72-hour ferment Low FODMAP Pizza graphic
Take a bite out of our 72-hour Ferment Low FODMAP Pizza with tomato sauce, mozzarella and fresh basil.

Know Your Tolerances

This recipe has not been lab tested. If you are stable, love pizza and are willing to give it a go, why not try our 72-Hour Ferment Low FODMAP Pizza during your Challenge Phase? For a much more in-depth discussion on how to pick low FODMAP bread and bready products, like pizza, please read How To Choose Low FODMAP Bread

And before you make any of our pizzas, please read our articles Everything You Need to Know About Low FODMAP Pizza and Low FODMAP Pizza Ingredients & Equipment.

closeup of 72 hour fermented pizza dough pizza; spinach and feta topping on decorative wooden board
This 72-hour fermented dough, with lowered fructans, works with many different toppings, like the spinach, mozzarella and feta shown here.

Set Yourself Up For Success

These first few paragraphs below are about how to set yourself up for success with this recipe – firstly, for actually making a great pizza, and also for setting yourself up for success with your digestion.
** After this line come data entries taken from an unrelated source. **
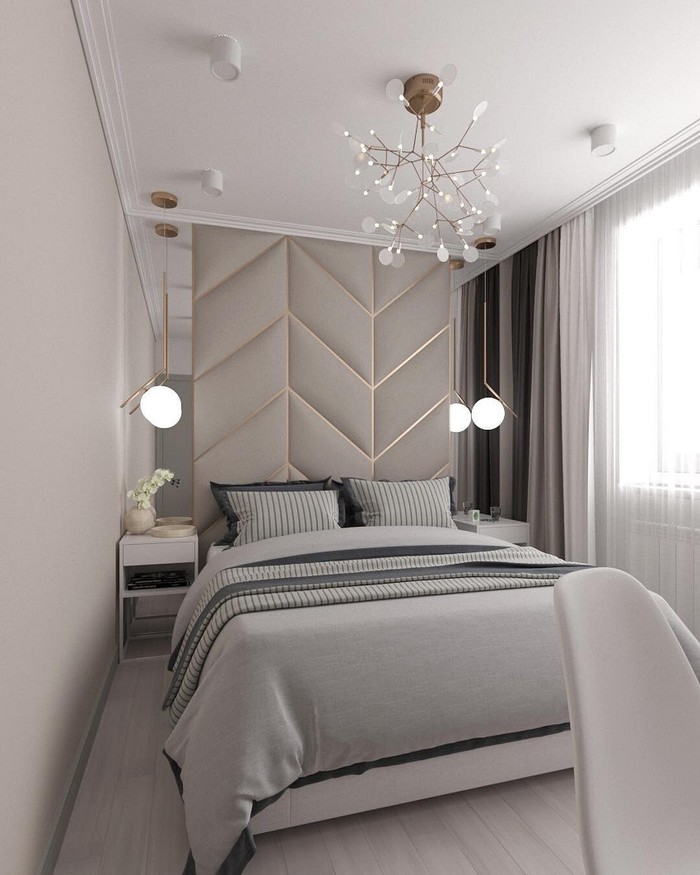 Современный дизайн спальни 10 кв. м -  стильные решения спальни, можно, лучше, кровать, мебель, кровати, помещение, будет, может, комнату, цвета, светлые, стиль, пространство, должна, котором, помогут, маленькой, комната, комнаты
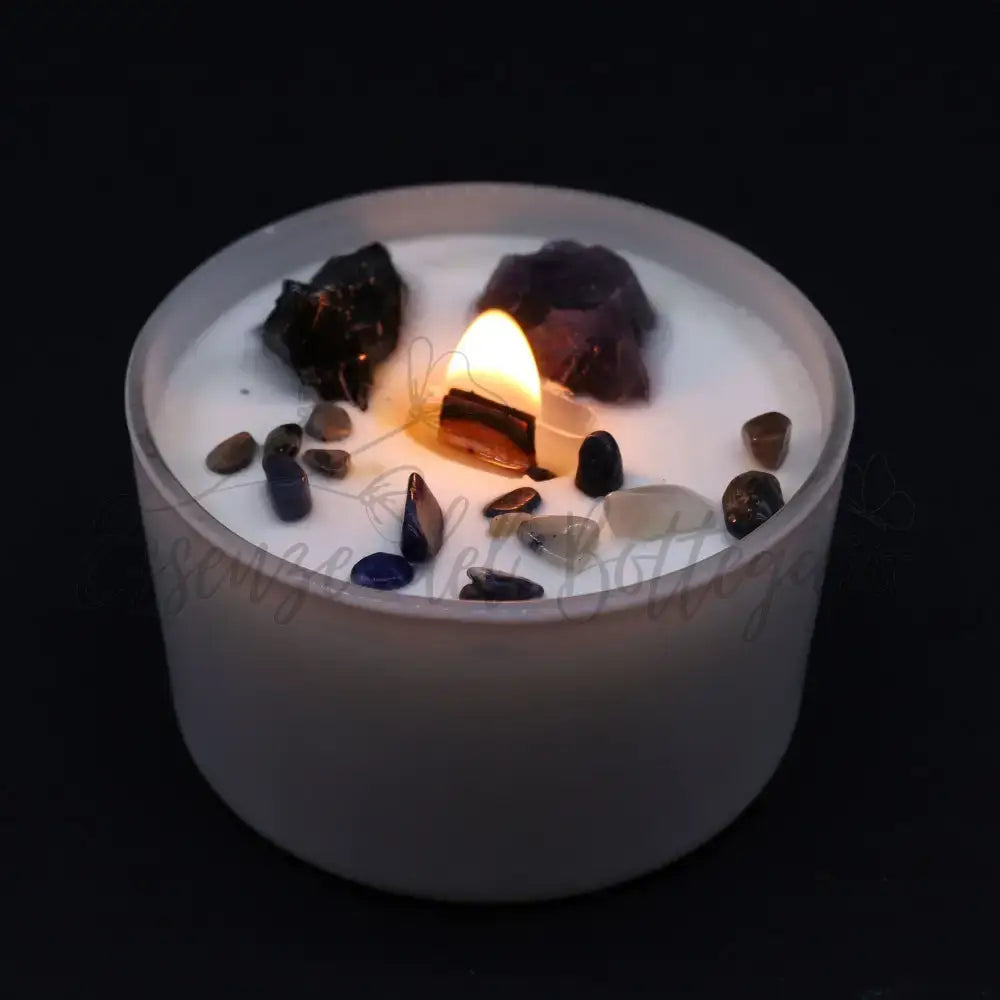 Candela Cristallo Chakra - Chakra del Plesso Solare - Chakra Crystal Candles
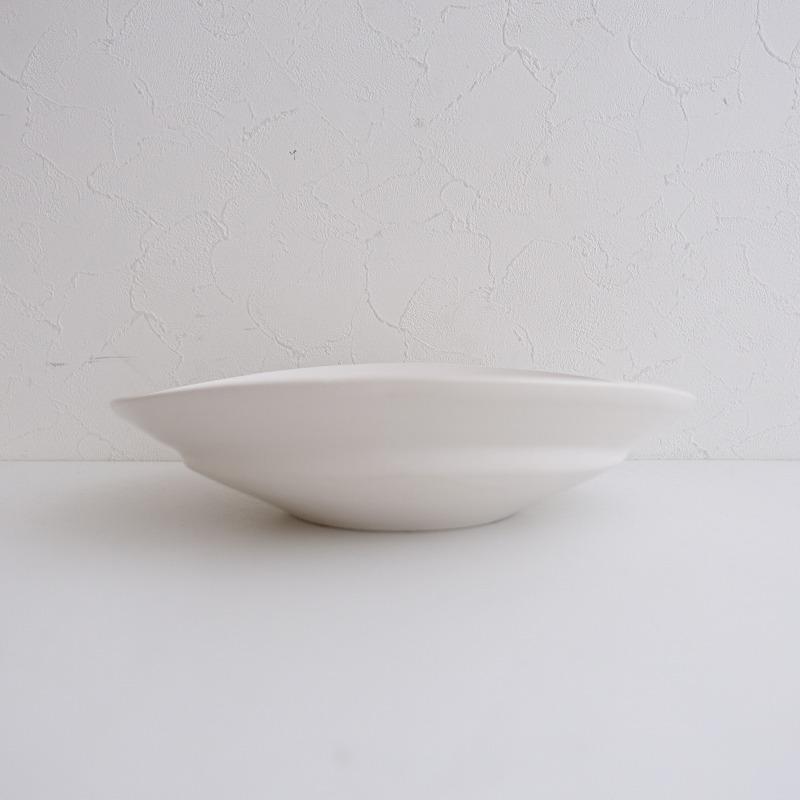 岡田直人 *オーバル皿 24.5cm ホワイト*食器お皿あわびウェア【陶器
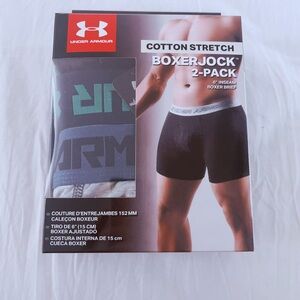 Men 2-Pack Under Armour UA Charged Cotton Boxerjock  Underwear‎ XXL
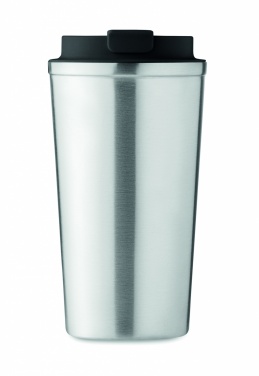 Dvigubos sienelės stiklinė 510 ml, Mattas Sidabras – detalės vaizdas 2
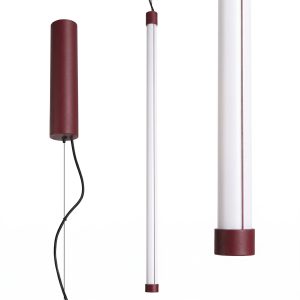 LED Závesné svietidlo TRANG 75 – bordová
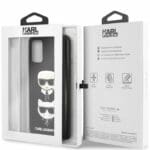 Karl Lagerfeld & Choupette Head Fekete Samsung S20 Plus Tok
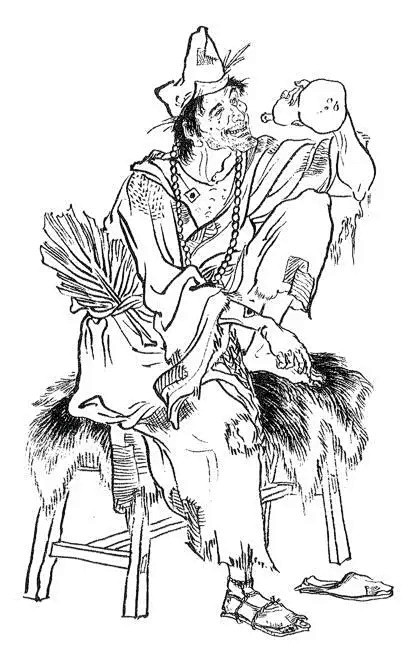 尘曦1985从胖娘娘转采于2021-10-24 10:04:26济公图画尘曦1985同采自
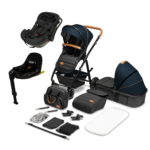 Kinderwagen Lionelo 4-in-1 Amber Navy Blue met Autostoel Novi Baby Jacky Pro 360&Base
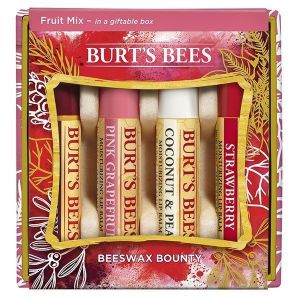 Burt's Bee综合水果唇膏假日礼品套装 4支装
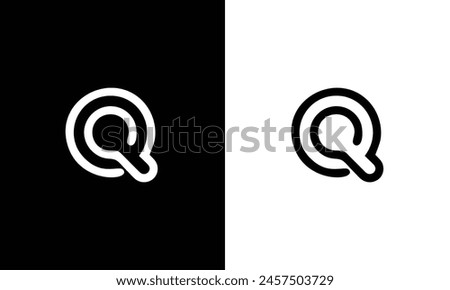 Initial QQ letter Logo Design vector Template. Abstract Letter Q logo Design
Making the pizza the best it can be means you should read the recipe thoroughly and follow the directions for ingredients and preparation. Remember you need to build-in the 3-day fermentation period.

As far as how you will digest this pizza, the only way to tell is to try it. What works for you or me is not necessarily what will work well for your BFF or mine, my husband or your daughter. But there are some approaches that are better than others.

Do Try This Pizza If:

  • You are stable and in your Challenge Phase.
  • You know that you digest wheat fructans well.
  • You have had digestive success with a wide range of wheat-based sourdough breads and baked products (other pizzas, bagels, etc.)

Skip This Pizza If:

  • You are very sensitive to fructans in general.
  • You follow a gluten-free diet.
  • You have failed your fructan wheat Challenge.
  • You are not stable digestively and/or you are in Elimination.
closeup of breakfast pizza with an egg on a wooden round tray
Breakfast pizza! Cheese, arugula, tomatoes and bacon topped with a fried egg.

How Is This Pizza Low FODMAP?

Hopefully you have read all of the information that came before this question and answer. To reiterate: this recipe is not gluten-free. The fructans reduce during the fermentation period because the process of fermentation itself feeds on the fructans that are present, although we cannot be sure how much fructan reduction actually occurs during this  period. 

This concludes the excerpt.